▶ _Task data_:
::::

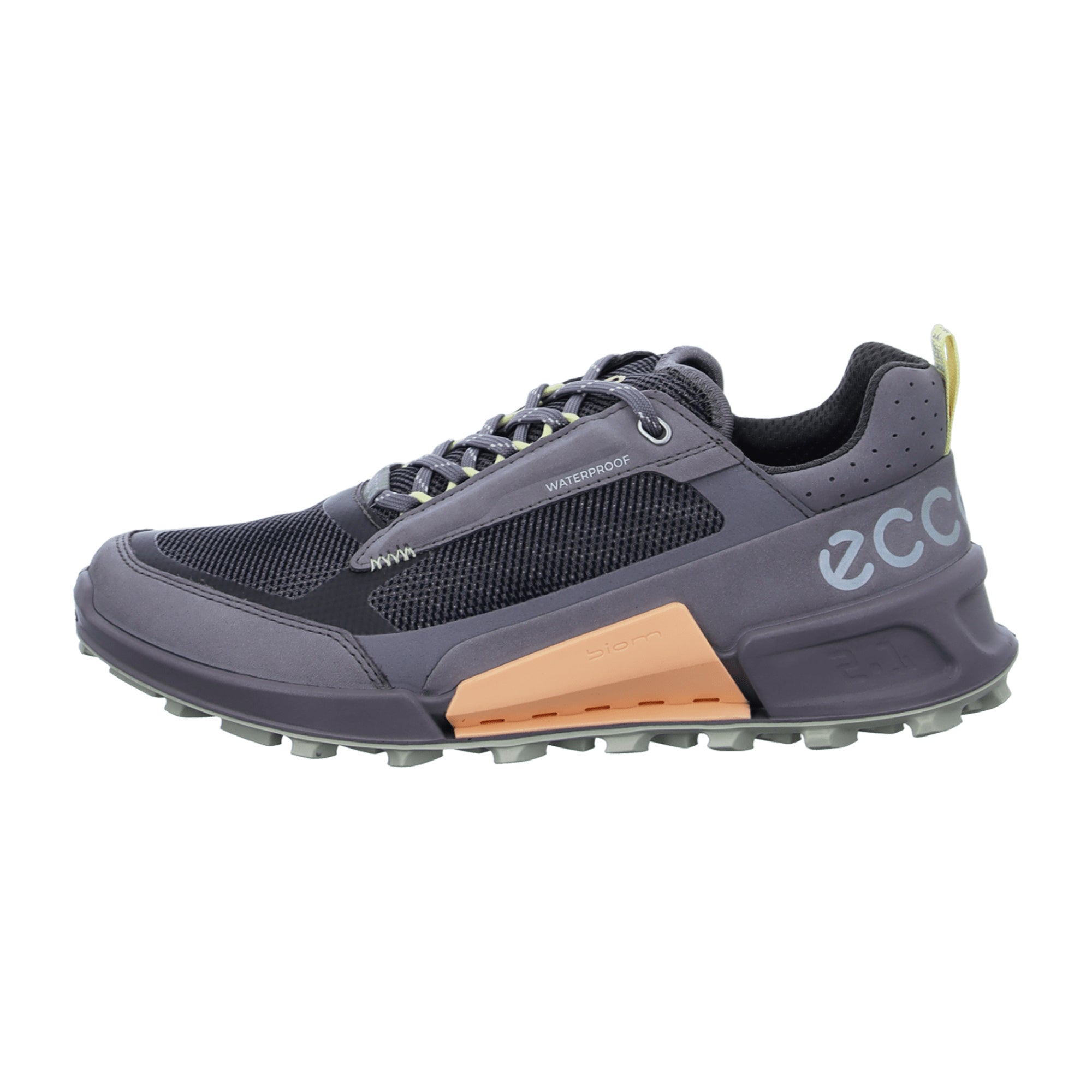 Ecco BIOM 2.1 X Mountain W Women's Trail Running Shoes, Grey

::::

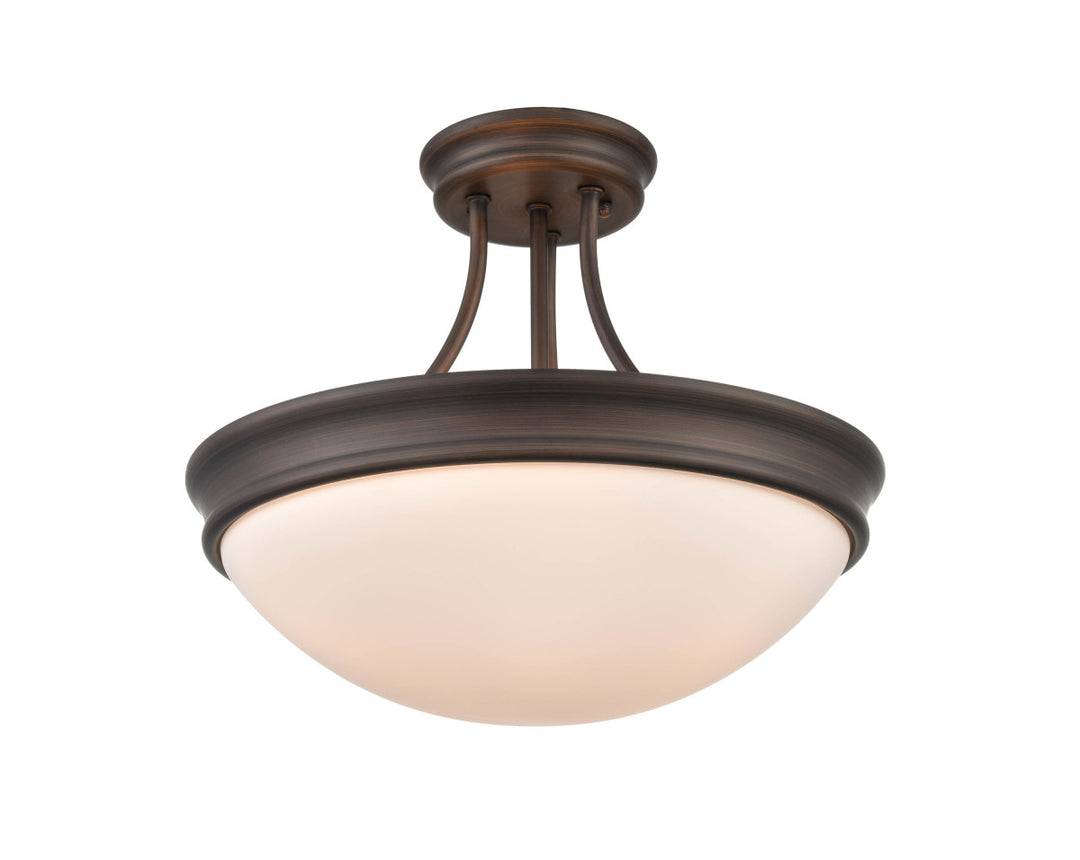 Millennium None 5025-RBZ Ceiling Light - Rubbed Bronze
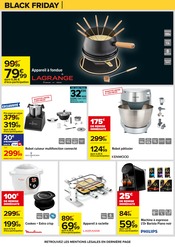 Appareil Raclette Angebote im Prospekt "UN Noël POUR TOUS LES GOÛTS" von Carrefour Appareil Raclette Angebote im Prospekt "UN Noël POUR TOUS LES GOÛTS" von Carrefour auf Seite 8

::::

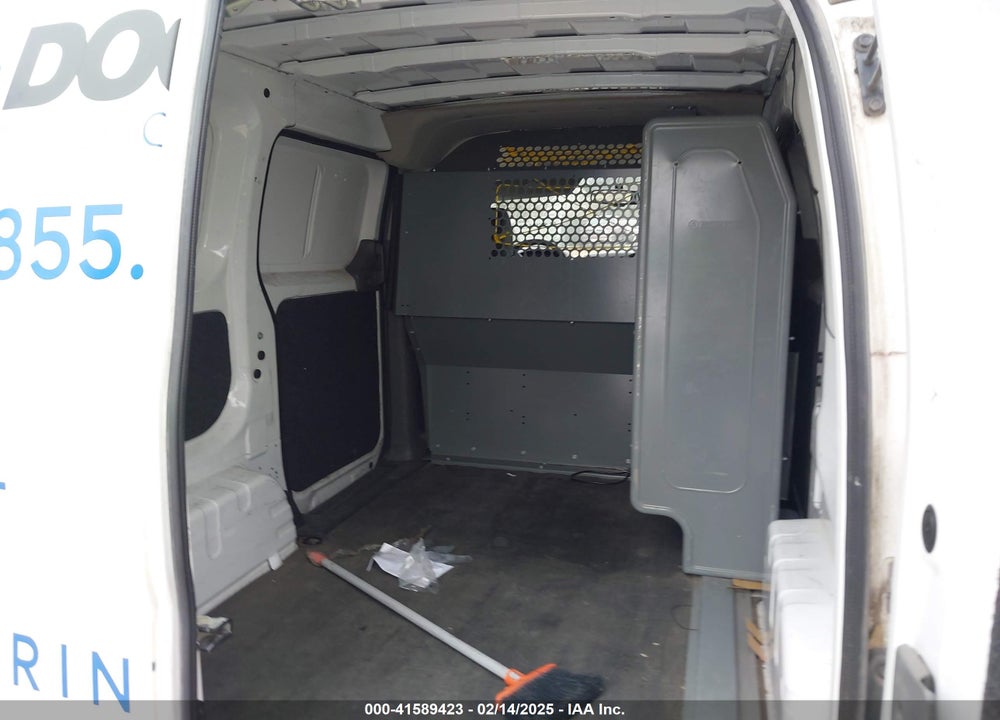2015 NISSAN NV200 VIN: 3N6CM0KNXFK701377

::::

▶ _Exercise_: Copy only what lies between the line with "Millennium None 5025-RBZ" and the line with "auf Seite 8", those two lines included, exactly as given above; pictures stay out.

▶ _Finished exercise_:
 Millennium None 5025-RBZ Ceiling Light - Rubbed Bronze
 Appareil Raclette Angebote im Prospekt "UN Noël POUR TOUS LES GOÛTS" von Carrefour Appareil Raclette Angebote im Prospekt "UN Noël POUR TOUS LES GOÛTS" von Carrefour auf Seite 8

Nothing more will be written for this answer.